- What you need to do: Starting at the line that contains "Encuentro de Liga", transcribe each line through the end of the material below, exactly and nothing else, leaving out the pictures.

- Supplied data:
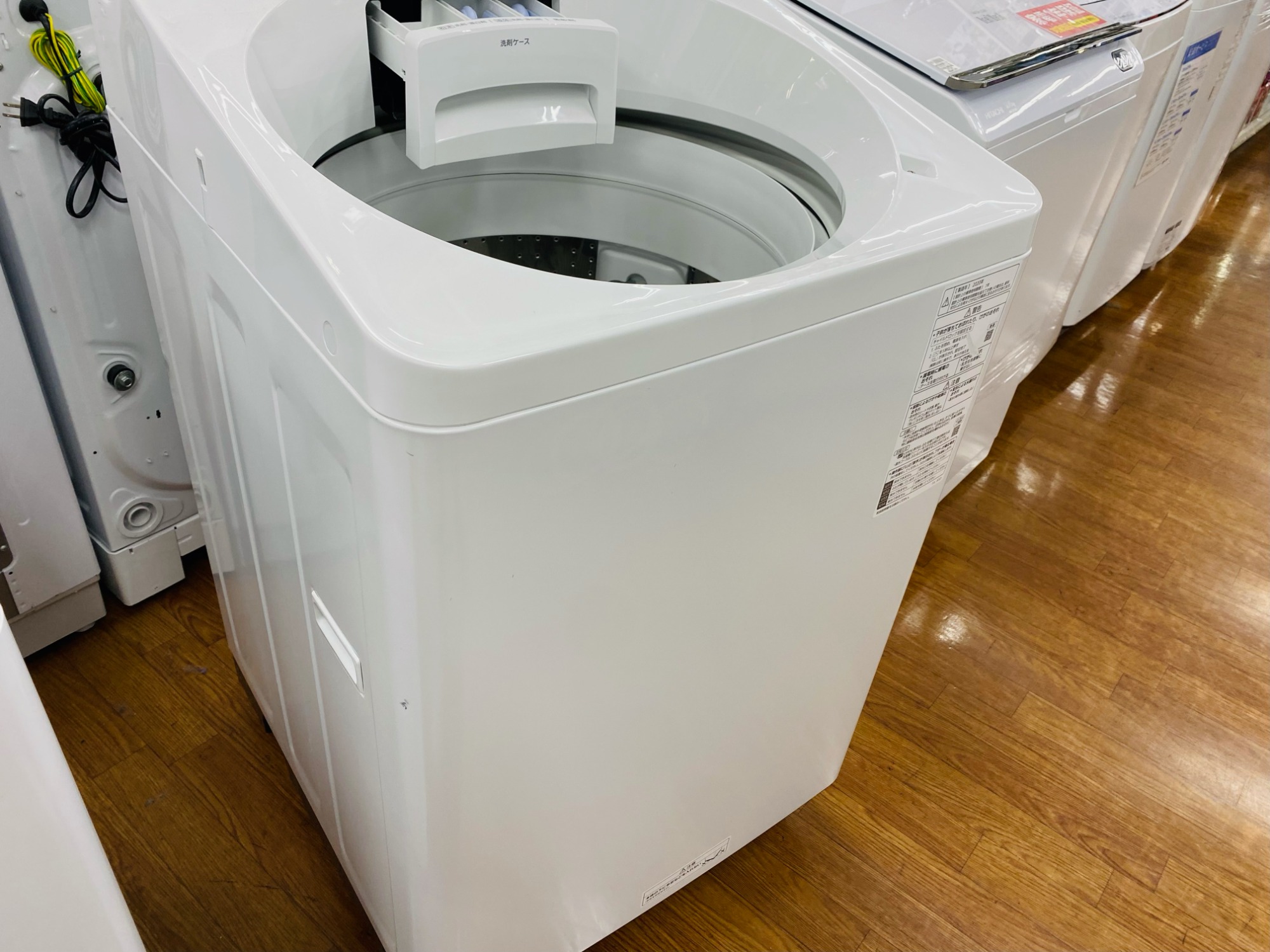 Panasonic】大容量12kg！全自動洗濯機入荷しました！｜2022年12月30日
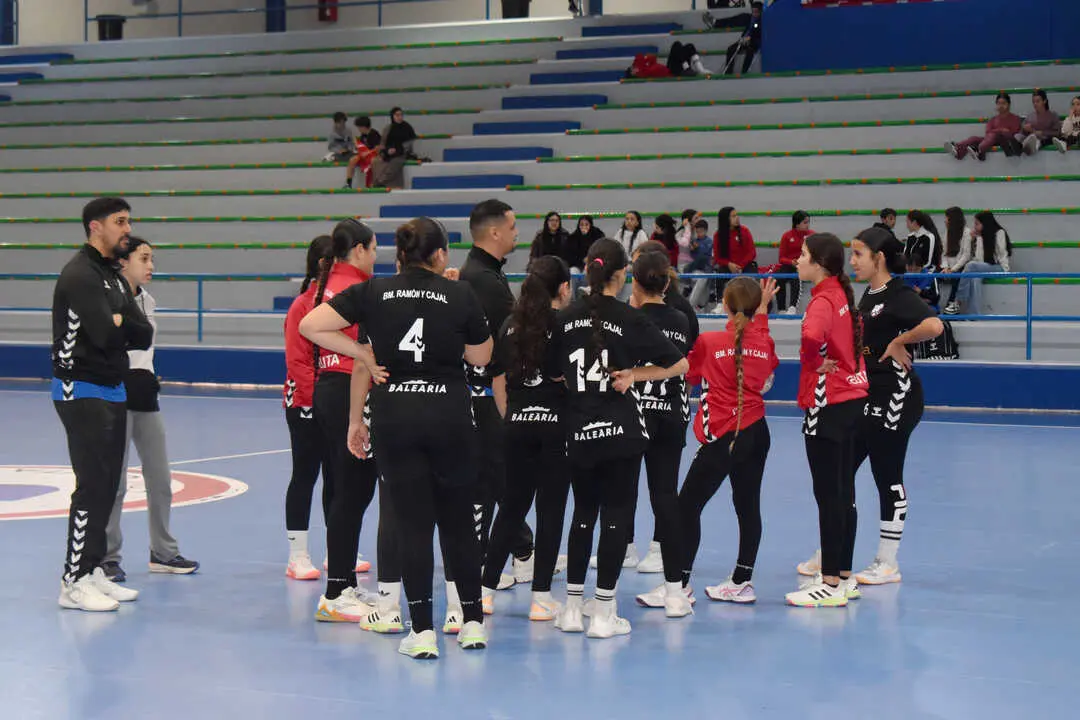 Encuentro de Liga Andaluza de Balonmano Infantil entre el CB Ram&oacute;n y Cajal y el Algeciras Promesas (2)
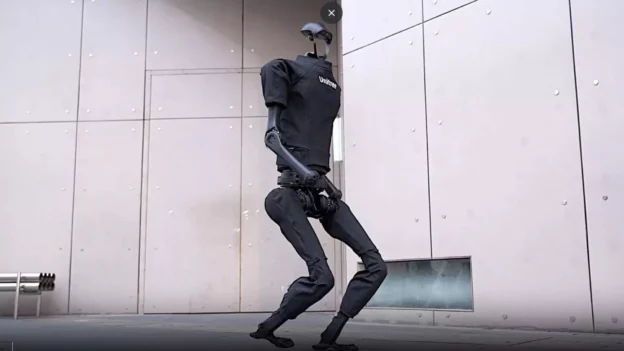 H1 de Unitree el robot más rápido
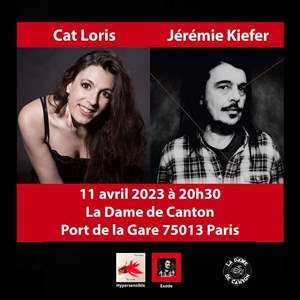 Affiche de Jérémie Kiefer + Cat Loris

- Task response:
 Encuentro de Liga Andaluza de Balonmano Infantil entre el CB Ram&oacute;n y Cajal y el Algeciras Promesas (2)
 H1 de Unitree el robot más rápido
 Affiche de Jérémie Kiefer + Cat Loris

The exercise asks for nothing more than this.